You can pressure a student so that they respond as if the situation is real, or at least real enough for them for training purposes. This is not something an instructor should do unless A) their uke is armored or very tough and experienced and B) They know how to deal with the aftermath. Heap enough pain or trap someone, even in a friendly and familiar environment, and they will slip into fight/flight response. Sometimes even a verbal provocation or hypothetical situation will do it. For example, I got trigged by a sentence during a sparring session. "Kami, when he's through with you, he's going for Andrea." Andrea being my daughter. My sparring partner, a very experienced and excellent martial artist as well as an LEO, saw my look change and covered up, going into full defense. In the back of my mind a very small part of me was aware enough that this wasn't real so I did pull my strikes ... barely. I certainly hit much harder than I would have just playing around, harder than I consider advisable, much less polite. If Mac had kept pressing me instead of covering up I think it would have obliterated even that small bit of control. I'm glad I didn't hurt him. Suffice it to say that it is possible, sometimes shockingly easy, to sink a person's awareness of their 'safe' environment and have them training under pressure. Techniques vary. I hear some instructors will suddenly engage a student in the dressing room after class, or grab them from behind when they're not paying attention during down time in class. Gets the adrenaline pumping.

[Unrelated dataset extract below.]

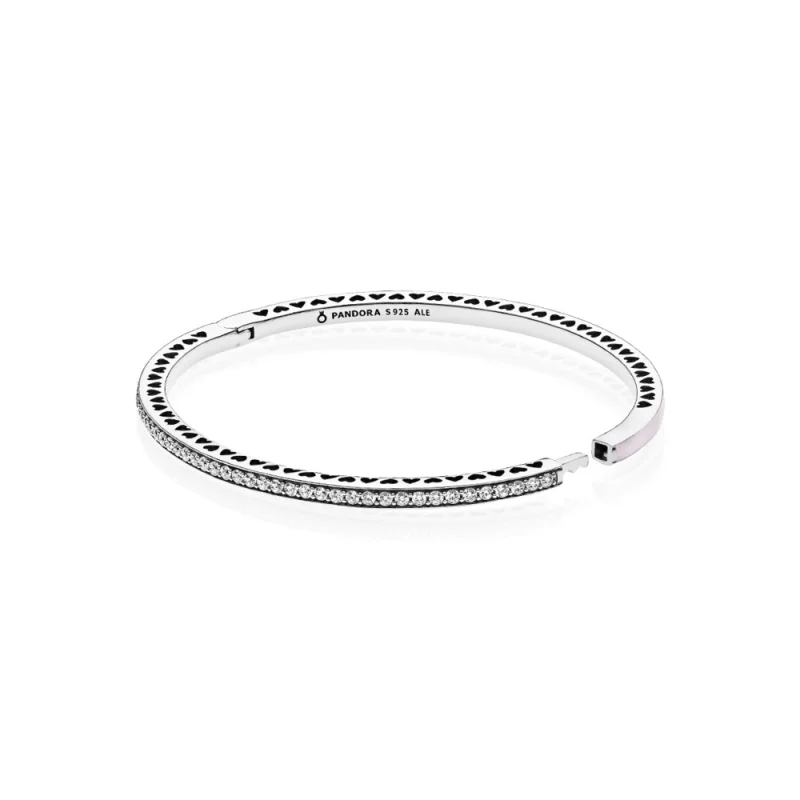 (imagem para) Bracelete PANDORA Rígido Corações Radiantes Rosa - 590537EN68 - Visualizar 2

With a normal, healthy person who hasn't had trauma in their lives or has dealt with it adequately, this is a great tool. However, the B caveat is there for a reason. Trigger a rape victim, and when she comes out of her attack (or panic) she will fall apart emotionally and you better darned well be prepared to help. You can't just leave someone broken down and figure it was a great, intense session and they learned something. If you don't know your psychology you can get into trouble and leave an emotional mess that will do that person more harm than good.
-- Kami, who wishes she didn't have so many friends who've been raped.